Marco Astori Redattore 

Le malelingue dicevano: «Berti esce e beve». E oggi?

«Come allora: bevo il giusto».

Ha mai pensato: avessi fumato o bevuto meno, avrei vinto di più?

«No, perché non ho mai esagerato. Cioè, una sera fatta bene ogni tanto la facevo. Ma una ogni tanto».

Del resto non tutti abitavano in Piazza Liberty.

«Milano era bellissima, anche se oggi è troppo incasinata e sto bene in centro a Piacenza. In quell’appartamento sono rimasto nove anni: duecentocinquanta metri quadri, con terrazza sul Duomo, se i muri potessero parlare... Ma appunto, non è che si faceva festa tutti i giorni, anche perché organizzare per cento persone non era una cosa così semplice. Il festaiolo ero sempre io, ma c’erano tanti compagni e tanti milanisti. Veniva anche Vialli da Torino».

Tra le sue frasi celebri c’è questa: «Sono antipatico perché la gente non sopporta di vedere uno che si diverte». Che ne pensa?

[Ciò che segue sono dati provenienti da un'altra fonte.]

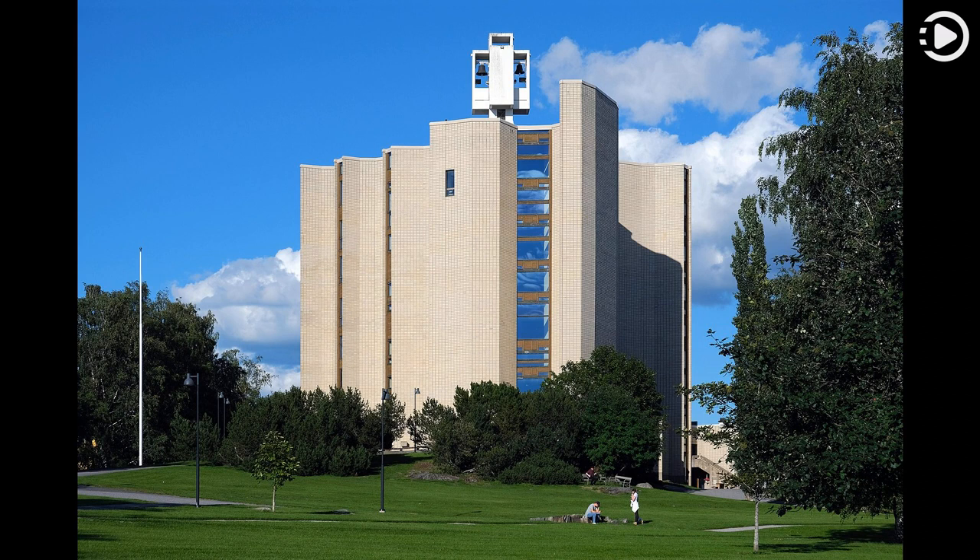It was constructed using slip forming, with 17 narrow 35-meter-high (115 feet) hollow concrete U-shapes and full-height windows between them. The walls were cast in 12 days. The floor plan of the church resembles a fish, an ancient symbol of Christianity.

«Vale ancora oggi. Anche ai miei compagni davo un po’ fastidio a volte, perché guadagnavo tanto, sorridevo sempre, e mi permettevo di andare a bere una birra al pub, anche due. E qualche volte è capitato che alla domenica sbagliassi la partita».

Per lei, a differenza di altri, il calcio era una festa?

«Il giorno del derby lo zio Bergomi era tutto incupito perché doveva marcare Van Basten e ogni tanto lo prendo ancora in giro per questo. Io non vedevo l’ora di trovarmi davanti a quella folla: San Siro per me era la gioia assoluta».

Ogni tanto gliela facevano pagare?

«Per scherzo mi hanno bruciato un paio di scarpe da squash a cui tenevo molto. Le avevo indossate per due mesi di fila: l’ideatore fu Pagliuca».